Does anyone have plans for a pen display box?  In my head, I am picturing a box with a flip up lid that stores pens, and maybe a drawer on the bottom.  I am not committed to this idea, though, and am open to suggestion, on this.  

I know that I can buy these pre-made, but where's the fun in that?

Thanks!
Chris


----------



## Sberger

Unless you are a heck of a good woodworker, get ready for frustration, and expense.  I opted to buy two pen cases from PSI and like them.  They hold 48 pens with small elastic straps to hold them in.  Felt type lining and compact.  Use them to store and carry my inventory.  Can also use for display, but prefer the plexiglass stands.  Cost is about $30 each.  Lots of luck beating that with a home-built.


----------



## cbatzi01

I am mediocre, at best, but I have all the tools and wood that I need for this.  I just need a little guidance!

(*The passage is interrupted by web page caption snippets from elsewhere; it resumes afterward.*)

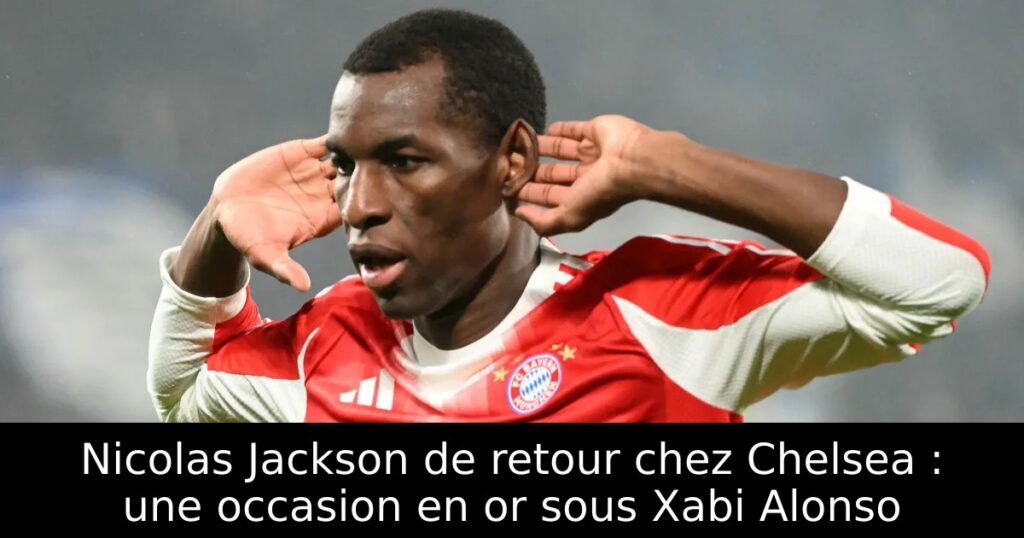 Nicolas Jackson de retour chez Chelsea : une occasion en or sous Xabi Alonso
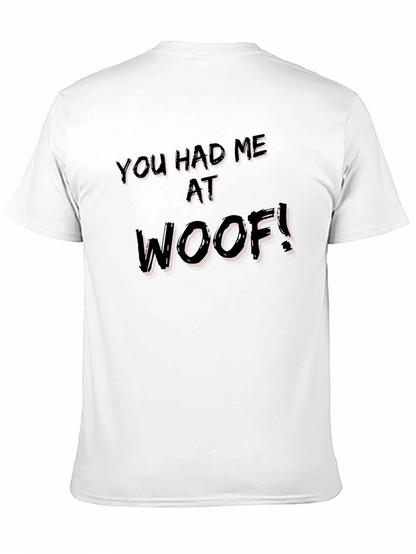 You Had Me At Woof! Graphic Tee
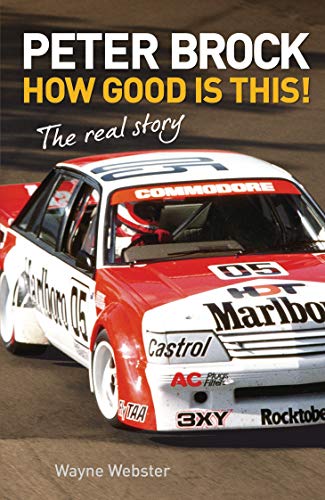 Book Peter Brock: How Good is This!: The Real Story free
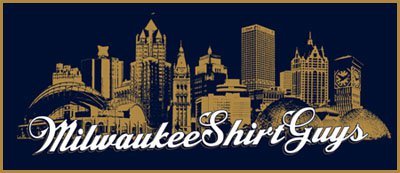 Need shirts? We've got your back! Custom screen printing, embroidery, heat transfer: We do it all in house.  Milwaukee themed apparel also available. CHEERS!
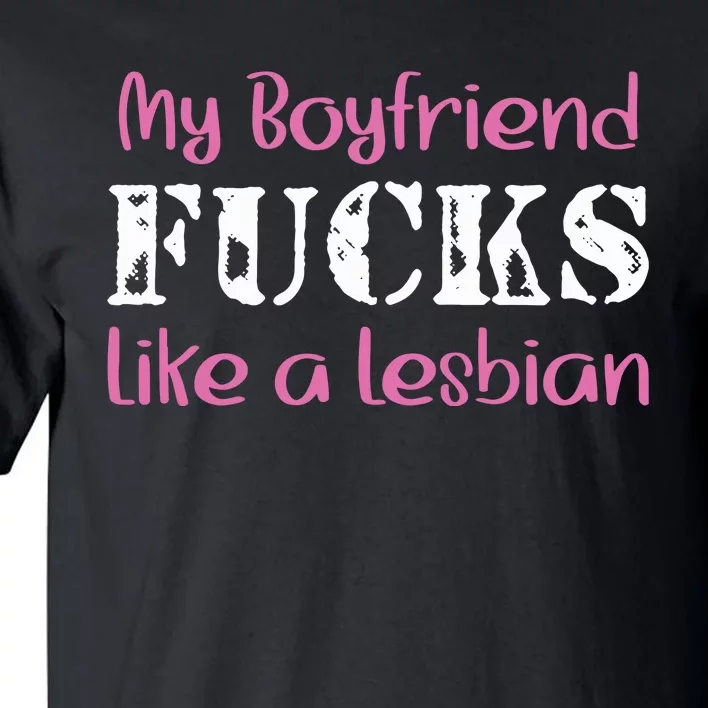 My Boyfriend Fucks Like A Lesbian Tall T-Shirt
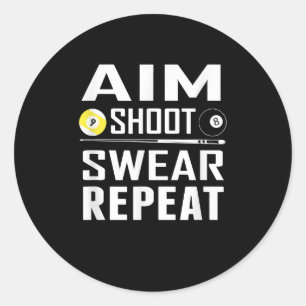 Funny Pool Billiard T Aim Shoot Swear Repeteren Ronde Sticker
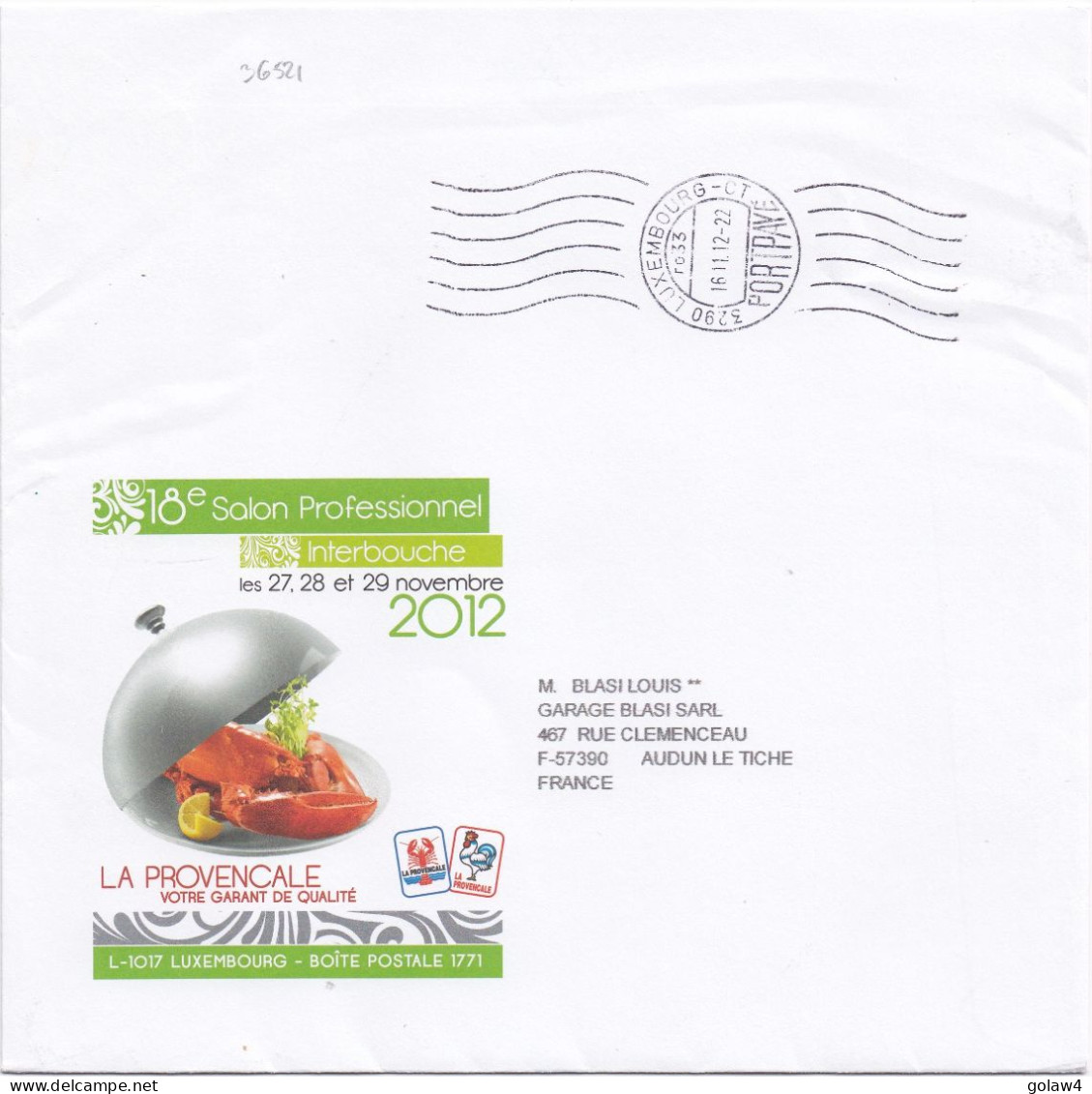 36521# LETTRE LA PROVENCALE Obl 3290 LUXEMBOURG CT Ro33 PORT PAYE 2012 Pour AUDUN LE TICHE MOSELLE - Covers & Documents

I looked at PSI, and found this.  It's almost exactly what I am looking to make.  My only thought would be to maybe make the bottom drawer deeper, so that I could store ink cartridges/refills under a removable pen tray.


----------



## oldsmokey

Chris, you have your plans from PSI.  The dimensions to the box are on the web site.  Take the dimensions and alter them to make what you want.  If you want a deeper drawer, take the items you want to store in it and measure them.  Make your bottom drawer the depth to meet your needs.


----------



## DennisM

Also could look for a humidor plan with glass lid. 

You are basicly making a glass lidded box, with a drawer. Then just find the inserts or use MDF and route out the channels for the pens and cover with a thin fabric secured with spray adhisive


----------



## Papa Bear

There is a tutorial in the library that might come close to what you are looking for,when I get caught up I'm going to try to make one!


----------